Regarding male attendance, I was actually impressed because that seems typical of events focusing on women’s issues--regardless of country culture. I will not attribute the lower attendance to reasons such as the event appeal to housewives, thereby attracting more women who have the opportunity to take time off from work to attend. In fact, most of the women in the audience were working professionals or graduate students who took time off from their busy schedules to reflect upon the women who participated in public life before them. Also, down the hall, there was a separate security briefing, which was predominantly male. Therefore, men do leave their offices to come down to Pennsylvania Avenue to reflect upon the men who participated in public life before them--dare I say in conflict and war. So I will respectfully disengage from the gender observation at this point.

By engaging the non-Muslim group--and in particular the subset of male patriarchs in churches--Americans are also tackling the other side of the ongoing disconnect in the “building bridges” landscape. Take for example the Murfeesboro, Tennessee church that opposes mosque construction, because as educated female critics told Soledad O’Brien in the Muslims Next Door , “Muslims oppress their women” and related that the solution is that “Muslims should assimilate.” If they could have heard a Tunisian scholar, like Dr. Mouniera Charrad identify the social and political actors who have argued for reforms, then they could pose their misguided questions to her and hear other informed Muslims discuss the competing ideologies even among feminists, like Nadia Yassin, in Morocco. By receiving an official White House invitation to engage on their fears, mosque-fearing activists would realize that their views are not government-sanctioned American views.

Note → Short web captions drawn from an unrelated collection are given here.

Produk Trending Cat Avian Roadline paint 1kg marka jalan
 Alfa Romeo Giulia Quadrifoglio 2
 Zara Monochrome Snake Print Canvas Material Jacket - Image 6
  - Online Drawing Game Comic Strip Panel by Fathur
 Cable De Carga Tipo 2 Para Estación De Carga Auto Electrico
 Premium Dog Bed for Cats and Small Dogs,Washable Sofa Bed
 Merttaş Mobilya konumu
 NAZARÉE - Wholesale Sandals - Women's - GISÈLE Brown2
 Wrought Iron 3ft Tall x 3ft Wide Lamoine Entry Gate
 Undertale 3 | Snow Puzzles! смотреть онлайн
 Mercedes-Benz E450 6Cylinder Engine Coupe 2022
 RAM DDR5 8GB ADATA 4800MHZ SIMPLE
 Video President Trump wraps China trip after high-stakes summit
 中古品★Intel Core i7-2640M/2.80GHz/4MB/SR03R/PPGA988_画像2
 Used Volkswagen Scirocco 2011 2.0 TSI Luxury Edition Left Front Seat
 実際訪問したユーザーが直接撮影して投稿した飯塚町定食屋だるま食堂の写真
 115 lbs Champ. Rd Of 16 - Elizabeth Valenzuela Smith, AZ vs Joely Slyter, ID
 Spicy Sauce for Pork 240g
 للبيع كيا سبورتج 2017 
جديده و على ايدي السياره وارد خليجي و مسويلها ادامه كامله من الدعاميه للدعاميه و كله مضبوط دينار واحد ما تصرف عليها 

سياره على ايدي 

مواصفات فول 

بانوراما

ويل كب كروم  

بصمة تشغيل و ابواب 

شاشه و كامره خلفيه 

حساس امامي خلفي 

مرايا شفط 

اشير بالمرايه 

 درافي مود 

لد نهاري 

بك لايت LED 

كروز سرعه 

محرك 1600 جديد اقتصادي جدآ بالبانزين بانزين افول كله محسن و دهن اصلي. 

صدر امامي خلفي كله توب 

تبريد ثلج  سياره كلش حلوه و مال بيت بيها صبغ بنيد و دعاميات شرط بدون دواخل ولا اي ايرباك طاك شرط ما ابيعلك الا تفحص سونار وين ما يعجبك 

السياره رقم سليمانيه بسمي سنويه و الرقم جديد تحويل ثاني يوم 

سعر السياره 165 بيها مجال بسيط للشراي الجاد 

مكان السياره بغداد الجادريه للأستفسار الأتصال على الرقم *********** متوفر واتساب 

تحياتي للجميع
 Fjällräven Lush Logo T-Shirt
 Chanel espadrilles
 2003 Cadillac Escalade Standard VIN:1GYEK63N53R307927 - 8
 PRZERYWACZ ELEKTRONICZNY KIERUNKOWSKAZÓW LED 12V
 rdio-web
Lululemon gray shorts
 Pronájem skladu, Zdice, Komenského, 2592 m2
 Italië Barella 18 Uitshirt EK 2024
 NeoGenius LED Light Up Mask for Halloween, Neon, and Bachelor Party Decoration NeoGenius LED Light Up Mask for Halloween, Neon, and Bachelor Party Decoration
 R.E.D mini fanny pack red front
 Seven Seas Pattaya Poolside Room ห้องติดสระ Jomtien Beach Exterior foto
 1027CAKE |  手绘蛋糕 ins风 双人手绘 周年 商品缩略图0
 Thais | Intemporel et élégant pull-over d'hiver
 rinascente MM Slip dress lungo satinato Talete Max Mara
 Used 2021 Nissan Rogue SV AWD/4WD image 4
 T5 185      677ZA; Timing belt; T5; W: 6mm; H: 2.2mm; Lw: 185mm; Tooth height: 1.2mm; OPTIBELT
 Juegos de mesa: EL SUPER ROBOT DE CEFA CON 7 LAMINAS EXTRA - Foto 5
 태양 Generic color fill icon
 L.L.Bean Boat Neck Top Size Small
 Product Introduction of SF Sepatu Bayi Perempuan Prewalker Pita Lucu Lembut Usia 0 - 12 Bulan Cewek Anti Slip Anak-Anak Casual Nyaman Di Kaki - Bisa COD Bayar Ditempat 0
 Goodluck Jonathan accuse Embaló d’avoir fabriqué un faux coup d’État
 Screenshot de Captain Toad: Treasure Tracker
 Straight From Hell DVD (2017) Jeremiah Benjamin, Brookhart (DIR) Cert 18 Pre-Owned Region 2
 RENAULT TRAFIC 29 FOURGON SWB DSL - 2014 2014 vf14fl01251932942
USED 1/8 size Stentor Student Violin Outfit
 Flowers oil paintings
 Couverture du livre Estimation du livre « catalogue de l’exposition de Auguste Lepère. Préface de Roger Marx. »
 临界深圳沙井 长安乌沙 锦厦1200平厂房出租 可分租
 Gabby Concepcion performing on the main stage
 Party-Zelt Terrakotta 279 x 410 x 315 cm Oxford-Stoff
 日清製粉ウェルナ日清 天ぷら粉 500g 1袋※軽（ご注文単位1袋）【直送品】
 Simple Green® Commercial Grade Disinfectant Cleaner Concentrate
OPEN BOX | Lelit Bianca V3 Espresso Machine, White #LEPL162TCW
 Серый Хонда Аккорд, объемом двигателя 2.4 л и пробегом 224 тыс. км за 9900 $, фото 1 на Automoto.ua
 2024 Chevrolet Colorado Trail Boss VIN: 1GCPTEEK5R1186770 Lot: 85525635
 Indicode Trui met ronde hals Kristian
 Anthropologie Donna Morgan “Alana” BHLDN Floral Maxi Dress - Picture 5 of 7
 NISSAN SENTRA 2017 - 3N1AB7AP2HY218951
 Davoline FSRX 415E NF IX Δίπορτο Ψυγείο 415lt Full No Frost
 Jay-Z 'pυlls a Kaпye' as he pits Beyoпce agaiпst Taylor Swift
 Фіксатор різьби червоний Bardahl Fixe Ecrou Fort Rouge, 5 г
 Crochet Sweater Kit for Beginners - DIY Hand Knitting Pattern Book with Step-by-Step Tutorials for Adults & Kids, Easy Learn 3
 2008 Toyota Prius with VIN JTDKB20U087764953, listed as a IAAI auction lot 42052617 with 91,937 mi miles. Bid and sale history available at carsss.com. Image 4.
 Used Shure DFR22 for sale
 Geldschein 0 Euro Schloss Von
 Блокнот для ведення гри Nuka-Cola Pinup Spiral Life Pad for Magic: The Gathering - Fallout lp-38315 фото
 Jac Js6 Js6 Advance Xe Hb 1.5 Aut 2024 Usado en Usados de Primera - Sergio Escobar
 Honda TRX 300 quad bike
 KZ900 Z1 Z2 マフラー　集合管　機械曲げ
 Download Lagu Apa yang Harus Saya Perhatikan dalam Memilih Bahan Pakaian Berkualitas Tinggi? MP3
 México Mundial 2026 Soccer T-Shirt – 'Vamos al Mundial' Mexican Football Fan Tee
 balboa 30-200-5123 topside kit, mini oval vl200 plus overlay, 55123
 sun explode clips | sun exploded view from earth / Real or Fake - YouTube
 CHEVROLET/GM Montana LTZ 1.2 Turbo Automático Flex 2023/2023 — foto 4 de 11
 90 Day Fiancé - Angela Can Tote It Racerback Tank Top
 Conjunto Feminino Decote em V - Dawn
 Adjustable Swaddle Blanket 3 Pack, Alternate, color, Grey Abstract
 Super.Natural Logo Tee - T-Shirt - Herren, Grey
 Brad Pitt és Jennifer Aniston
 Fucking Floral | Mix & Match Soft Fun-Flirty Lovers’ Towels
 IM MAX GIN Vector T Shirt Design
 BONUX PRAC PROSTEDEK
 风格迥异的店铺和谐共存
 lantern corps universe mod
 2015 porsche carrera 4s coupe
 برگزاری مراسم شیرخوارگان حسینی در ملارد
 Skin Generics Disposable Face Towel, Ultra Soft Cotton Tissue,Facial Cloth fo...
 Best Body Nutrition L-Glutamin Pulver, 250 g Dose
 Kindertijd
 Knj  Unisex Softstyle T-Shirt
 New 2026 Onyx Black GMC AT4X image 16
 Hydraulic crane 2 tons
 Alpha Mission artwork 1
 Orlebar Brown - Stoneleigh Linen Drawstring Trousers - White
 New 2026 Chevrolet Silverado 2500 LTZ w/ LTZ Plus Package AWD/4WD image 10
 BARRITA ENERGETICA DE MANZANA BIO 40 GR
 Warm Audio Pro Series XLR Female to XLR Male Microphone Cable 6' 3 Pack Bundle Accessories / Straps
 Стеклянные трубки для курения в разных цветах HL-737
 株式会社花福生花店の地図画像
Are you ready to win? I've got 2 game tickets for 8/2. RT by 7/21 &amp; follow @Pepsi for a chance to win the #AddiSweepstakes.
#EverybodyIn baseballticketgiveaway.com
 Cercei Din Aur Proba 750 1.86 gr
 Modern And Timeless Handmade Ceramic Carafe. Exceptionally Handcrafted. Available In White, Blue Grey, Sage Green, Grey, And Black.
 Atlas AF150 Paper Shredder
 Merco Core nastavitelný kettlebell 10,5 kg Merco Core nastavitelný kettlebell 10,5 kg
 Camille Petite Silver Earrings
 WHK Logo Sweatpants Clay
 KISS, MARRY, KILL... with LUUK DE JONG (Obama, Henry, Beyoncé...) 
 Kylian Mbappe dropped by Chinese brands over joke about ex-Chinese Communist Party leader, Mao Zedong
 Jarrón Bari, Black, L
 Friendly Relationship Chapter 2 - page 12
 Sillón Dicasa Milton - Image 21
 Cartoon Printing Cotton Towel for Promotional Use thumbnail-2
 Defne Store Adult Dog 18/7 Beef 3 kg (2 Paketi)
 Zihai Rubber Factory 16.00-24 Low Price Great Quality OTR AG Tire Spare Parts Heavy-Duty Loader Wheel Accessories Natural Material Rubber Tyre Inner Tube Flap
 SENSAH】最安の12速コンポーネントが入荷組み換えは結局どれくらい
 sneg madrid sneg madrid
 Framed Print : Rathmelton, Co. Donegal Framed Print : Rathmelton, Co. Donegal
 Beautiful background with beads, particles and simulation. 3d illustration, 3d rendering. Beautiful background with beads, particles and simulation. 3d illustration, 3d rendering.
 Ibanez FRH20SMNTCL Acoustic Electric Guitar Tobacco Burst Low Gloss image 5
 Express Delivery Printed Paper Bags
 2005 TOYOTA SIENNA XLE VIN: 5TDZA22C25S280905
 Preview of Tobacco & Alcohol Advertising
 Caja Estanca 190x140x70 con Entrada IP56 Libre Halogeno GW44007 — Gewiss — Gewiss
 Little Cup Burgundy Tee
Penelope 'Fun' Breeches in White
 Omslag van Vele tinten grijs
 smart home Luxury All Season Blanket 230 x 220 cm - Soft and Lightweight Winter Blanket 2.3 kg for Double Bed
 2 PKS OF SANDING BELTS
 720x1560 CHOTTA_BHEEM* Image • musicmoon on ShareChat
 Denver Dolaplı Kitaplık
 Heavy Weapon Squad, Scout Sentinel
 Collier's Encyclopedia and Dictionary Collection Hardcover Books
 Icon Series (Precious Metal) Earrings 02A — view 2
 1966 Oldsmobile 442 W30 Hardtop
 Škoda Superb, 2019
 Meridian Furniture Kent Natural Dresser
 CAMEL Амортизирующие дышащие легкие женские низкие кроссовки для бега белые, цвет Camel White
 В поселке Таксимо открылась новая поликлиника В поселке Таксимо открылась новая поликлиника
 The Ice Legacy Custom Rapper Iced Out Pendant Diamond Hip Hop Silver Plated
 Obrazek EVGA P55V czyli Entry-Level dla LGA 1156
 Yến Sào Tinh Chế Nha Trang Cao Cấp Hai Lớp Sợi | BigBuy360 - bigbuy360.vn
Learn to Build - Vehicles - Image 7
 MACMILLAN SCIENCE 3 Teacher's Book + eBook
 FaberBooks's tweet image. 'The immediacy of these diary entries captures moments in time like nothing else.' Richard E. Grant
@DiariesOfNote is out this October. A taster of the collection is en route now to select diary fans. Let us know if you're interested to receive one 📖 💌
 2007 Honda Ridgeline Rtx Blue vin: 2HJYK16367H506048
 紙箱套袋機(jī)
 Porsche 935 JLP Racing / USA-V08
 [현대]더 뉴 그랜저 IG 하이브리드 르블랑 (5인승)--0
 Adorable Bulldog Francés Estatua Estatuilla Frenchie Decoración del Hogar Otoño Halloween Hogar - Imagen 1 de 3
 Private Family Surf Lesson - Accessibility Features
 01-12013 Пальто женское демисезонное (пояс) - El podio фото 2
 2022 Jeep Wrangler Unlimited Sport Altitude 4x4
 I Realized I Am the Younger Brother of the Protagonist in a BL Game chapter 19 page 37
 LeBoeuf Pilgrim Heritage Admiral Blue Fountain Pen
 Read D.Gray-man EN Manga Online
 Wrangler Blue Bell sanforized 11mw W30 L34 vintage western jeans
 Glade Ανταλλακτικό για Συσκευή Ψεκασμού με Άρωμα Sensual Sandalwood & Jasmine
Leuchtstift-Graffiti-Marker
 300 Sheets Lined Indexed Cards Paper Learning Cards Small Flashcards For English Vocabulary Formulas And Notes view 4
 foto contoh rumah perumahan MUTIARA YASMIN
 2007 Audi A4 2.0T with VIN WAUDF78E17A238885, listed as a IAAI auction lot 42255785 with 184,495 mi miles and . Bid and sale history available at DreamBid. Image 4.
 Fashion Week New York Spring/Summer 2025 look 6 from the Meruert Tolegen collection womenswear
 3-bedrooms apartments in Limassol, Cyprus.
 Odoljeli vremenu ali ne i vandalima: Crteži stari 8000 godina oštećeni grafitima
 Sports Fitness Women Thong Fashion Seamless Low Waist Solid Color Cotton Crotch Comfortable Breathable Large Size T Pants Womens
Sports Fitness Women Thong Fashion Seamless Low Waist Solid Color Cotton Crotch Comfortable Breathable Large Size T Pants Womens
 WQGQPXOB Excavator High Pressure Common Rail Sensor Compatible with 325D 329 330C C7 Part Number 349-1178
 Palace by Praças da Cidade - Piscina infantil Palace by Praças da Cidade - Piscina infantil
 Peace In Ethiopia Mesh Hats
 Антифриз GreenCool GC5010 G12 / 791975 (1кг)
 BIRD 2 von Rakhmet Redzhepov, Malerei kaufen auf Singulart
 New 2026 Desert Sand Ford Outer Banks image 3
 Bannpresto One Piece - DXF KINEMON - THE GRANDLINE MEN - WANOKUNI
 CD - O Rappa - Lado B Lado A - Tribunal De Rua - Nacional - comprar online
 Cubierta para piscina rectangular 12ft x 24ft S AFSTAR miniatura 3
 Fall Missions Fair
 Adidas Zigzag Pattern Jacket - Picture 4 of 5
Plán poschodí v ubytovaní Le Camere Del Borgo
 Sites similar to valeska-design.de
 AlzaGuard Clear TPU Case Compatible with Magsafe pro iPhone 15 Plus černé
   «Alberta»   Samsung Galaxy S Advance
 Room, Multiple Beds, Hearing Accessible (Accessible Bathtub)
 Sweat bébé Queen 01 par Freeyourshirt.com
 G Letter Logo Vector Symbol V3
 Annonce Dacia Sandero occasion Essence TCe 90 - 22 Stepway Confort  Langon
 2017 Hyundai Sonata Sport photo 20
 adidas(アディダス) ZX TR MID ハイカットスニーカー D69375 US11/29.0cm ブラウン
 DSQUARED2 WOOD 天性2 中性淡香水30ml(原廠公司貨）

I draw attention to the mosque fearing activists because so much of the “building bridges” programming and efforts demonstrate great enthusiasm and involved great intentions, but such energy is dedicated towards “preaching to the choir,” or American citizens who embrace the “other,” minorities, or enjoy having their kids play with kids from different backgrounds.

This is not inter-faith; rather the effort is engaging faith communities in a secular setting led by non-religious heads. This happens every day at the bureaucratic, civic, and neighborly level as we pay our taxes, register to vote, and offer to carpool to simply lead a respectful life. And maybe barbecue in our backyards--if we have time.

Also, by highlighting the initiatives that Muslim women are leading on documenting the Muslim woman’s experience, Muslim women become less of a museum specimen and more of a dialogue participant, which drives the mission of Karamah.

Ironically, the one question from a male attendee asked about women’s roles in conflict-ridden countries, like Afghanistan. Saudi Arabia surfaced somewhere in that question, but it lacked concrete examples of Saudi Arabia’s vitriolic rhetoric and practices to press pause on women’s right to vote, run for office, drive, start a business without a male’s consent, etc.

“You can only experience the world through perspectives...not objectively,” explained Dr. Afsaneh Nagmabadi. On that note, the White House is right to engage in public diplomacy programs at home among its citizens. Why not mix up the audience a little bit more so they can experience the perspective that they will not get from their regular television and radio programming? In fact, a positive development came from holding this forum: the few non-Muslim attendees asked to collaborate on a future project to document the history of Muslim women. Efforts like this will expand the National Endowment for Humanities ability to weave the varied perspectives into the human narrative--not just another museum exhibit.